START GIVEN DATA

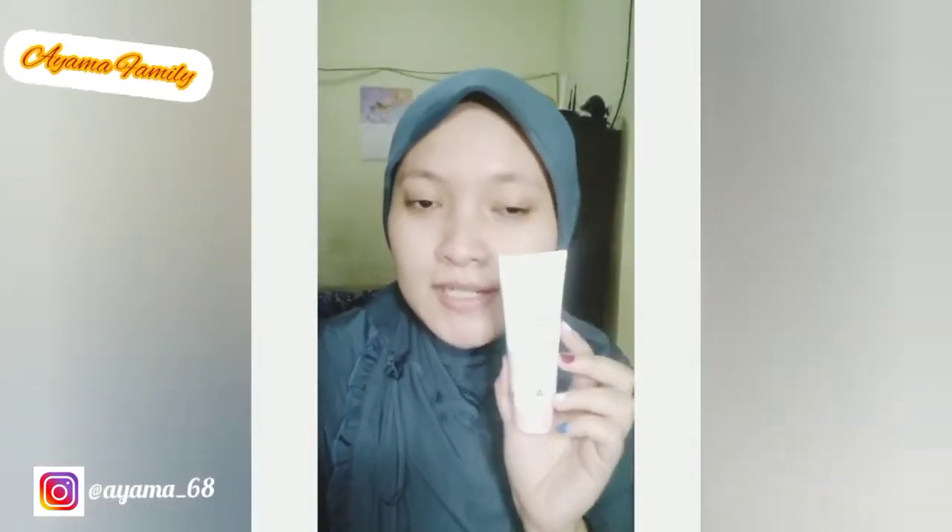Ini step yang ketiga dan yang terakhir, face cream. Ini dipakai juga setiap hari setelah pakai face wash tadi. Ini sama aja, biar seperti kering ya.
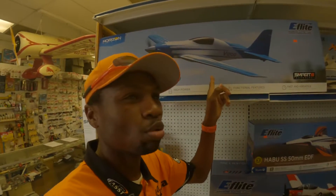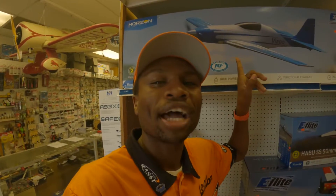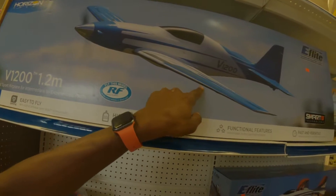That V1200 is fast — I smoked everybody in my V1200! Team Horizon Hobby did a great job; they nailed it on the all-new V1200. It's got a lot of carbon fiber spars.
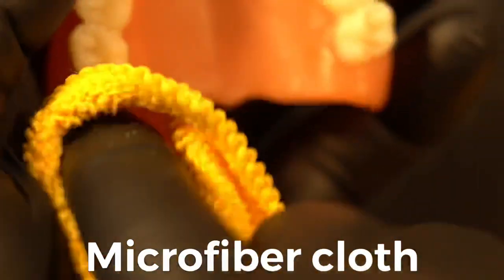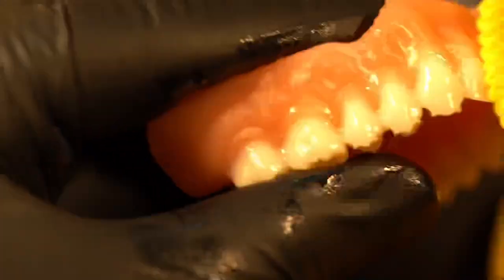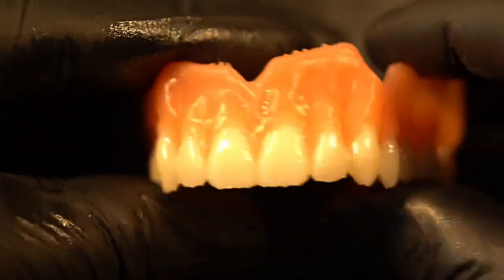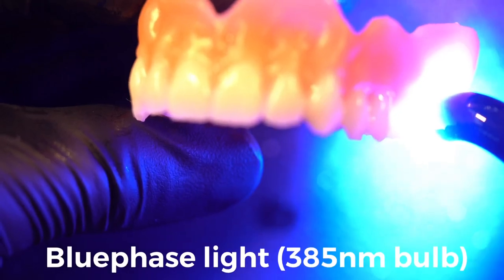Taking a microfiber cloth here, spreading that excess material down over the teeth, and that's going to create this really cool high shine — this is like a little clear coat. This is not the time to be super careful and get every little ounce of material off, because that material is actually working in your favor.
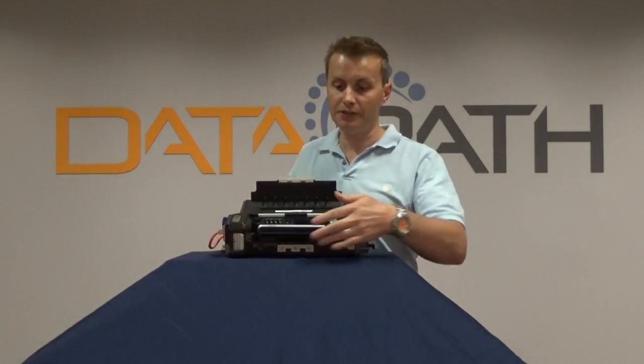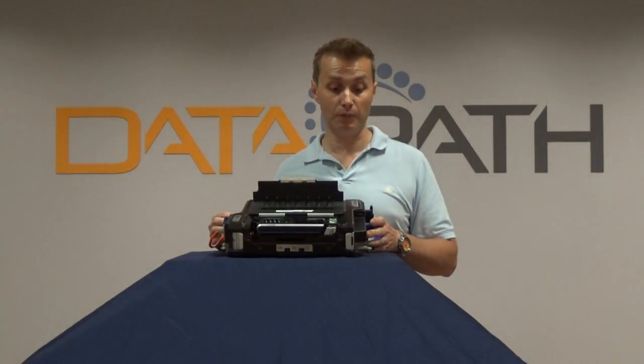There's a handset here to provide a voice over IP capability, and that could either connect through the secure side to provide a secure level of communications, or via the black side to provide access to the public telephone networks.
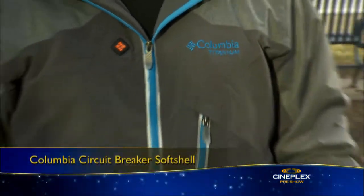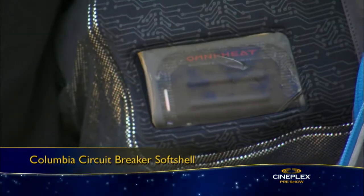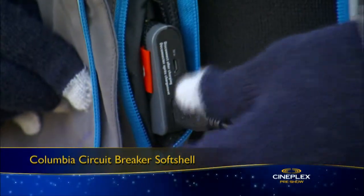First up, I'm wearing what looks like a normal softshell jacket from Columbia Sportswear, but it actually features OmniHeat electric technology. It comes with its own heater, and you can choose from multiple heat settings. It's powered by two rechargeable batteries, which you can also plug your gadgets into if they're running low on power.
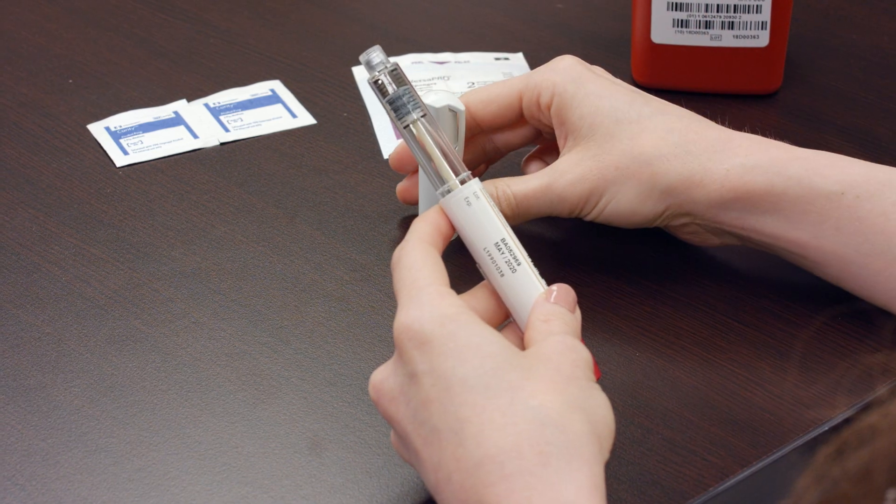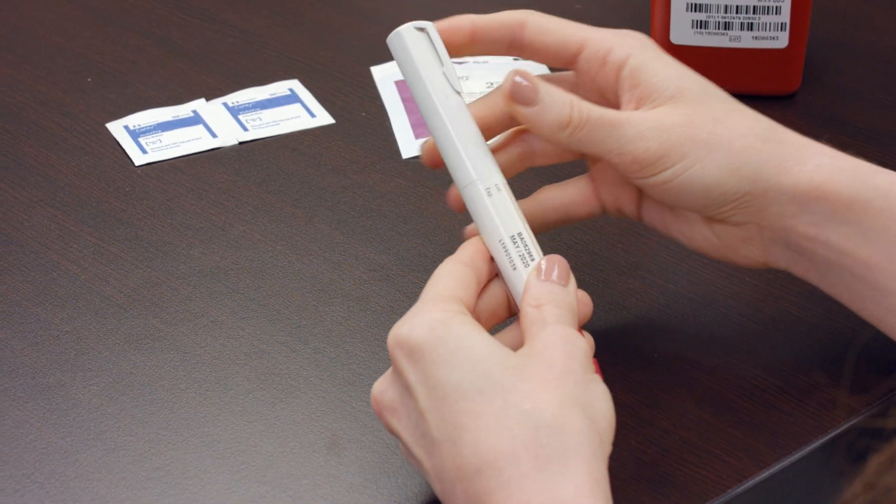If there is medication remaining, place the cap back onto the pen and store the pen.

END GIVEN DATA

Working from the line containing "That V1200 is" to the last line of the data, retype every line exactly, both ends included, and leave out all pictures.

- **YOUR SOLUTION**
That V1200 is fast — I smoked everybody in my V1200! Team Horizon Hobby did a great job; they nailed it on the all-new V1200. It's got a lot of carbon fiber spars.
Taking a microfiber cloth here, spreading that excess material down over the teeth, and that's going to create this really cool high shine — this is like a little clear coat. This is not the time to be super careful and get every little ounce of material off, because that material is actually working in your favor.
There's a handset here to provide a voice over IP capability, and that could either connect through the secure side to provide a secure level of communications, or via the black side to provide access to the public telephone networks.
First up, I'm wearing what looks like a normal softshell jacket from Columbia Sportswear, but it actually features OmniHeat electric technology. It comes with its own heater, and you can choose from multiple heat settings. It's powered by two rechargeable batteries, which you can also plug your gadgets into if they're running low on power.
If there is medication remaining, place the cap back onto the pen and store the pen.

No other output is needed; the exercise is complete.